UPDATE 1: Central banks around the world slash interest rates as financial crisis escalates.

Kuwait slashed its key discount interest rate by 125 basis points on Wednesday while the United Arab Emirates cut by a more modest amount, tracking a round of emergency rate cuts by major central banks.

Analysts said the changes, which also included moves to make access to emergency funding easier, made it more likely that other Gulf states would cut rates in coming days as authorities bid to ease liquidity tensions in the region.

The Kuwait cut added to central bank offers of funds to local lenders in recent days. The only Gulf Arab state to delink its currency from the dollar, it cut the benchmark discount rate to 4.5 percent from 5.75 percent and the repo rate to 2.5 percent from 3.5 percent.

"[The Kuwait central bank move] is likely to put pressure on other central banks in the region. They are likely to follow suit," said Mary Nicola, Middle East economist for Standard Chartered Bank in Dubai.

The UAE lowered its overnight repurchase rate to 1.5 percent from 2.0 percent and cut the borrowing rate on its emergency facility, making it much cheaper for banks to borrow the money.

"It is good the [UAE] central bank realized its rate under the emergency facility was on the high side and reduced it," said the head of Treasury at an Abu Dhabi-based bank.

"The new rates are reasonable and lot of banks will make use of the facility if they need the funds."

Some analysts said Saudi Arabia might respond with a cut in its repo rate by as much as 100 basis points in coming days.

The US Federal Reserve on Wednesday cut its key federal funds rate by 50 basis points to 1.5 percent in a coordinated move with the European Central Bank (ECB) and Britain, Canada, Sweden and Switzerland. China also loosened monetary conditions.

Markets have tumbled around the world as the upheaval that began on Wall Street spread, effectively shutting down interbank and other loan markets. In the Gulf region, interbank rates have risen in Saudi Arabia, Kuwait and the United Arab Emirates.

Kuwait central bank chief Sheikh Salem Abdul-Aziz Al-Sabah said the move was driven by an assessment of world developments.

"[It] is basically related to the crisis sweeping the international money markets and the need to strengthen the local environment," he said in a statement.

The bank last cut rates, by 50 basis points, last January.

"It is a positive step but we expect more rate cuts," said Rola Dashti, head of Kuwait Economic Society.

The head of the Kuwaiti Banking Association (KBA), Abdul-Majeed Al-Shatti, told newswire Reuters he expected the central bank to unveil new directions, adopting a more accommodative stance towards banks.

He did not elaborate but repeated KBA's demand for government institutions to boost deposits at private banks as a measure to increase liquidity.

Gulf stock markets slumped in tandem with global equities on Wednesday, led by real estate and banking stocks, as investors fretted that the economies of the world's top oil-exporting region are not shielded from the global turmoil. Kuwait's main index regained some losses after the cut.

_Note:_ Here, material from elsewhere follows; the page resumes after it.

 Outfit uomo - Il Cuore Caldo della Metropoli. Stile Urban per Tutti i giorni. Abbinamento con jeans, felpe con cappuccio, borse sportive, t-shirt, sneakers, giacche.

"This is a massive move... and it's the right time to intervene to stop the panic in the markets," said Mustafa Behbehani, director of Kuwait Gulf Group.

"Nobody can stop this other than the government stepping in quickly before there is a financial collapse."

Gulf states had been more circumspect in their responses to the global credit crunch, assuring investors that their economies are sound and banks are safe.

Central bankers are hampered by fears over inflation which is still rampant in the region. But a recovering US dollar and easing oil prices have reduced some of the pressure.

Saudi Arabia, the world's largest oil exporter, said on Wednesday that it had yet to use several instruments at its disposal including repurchase rate moves.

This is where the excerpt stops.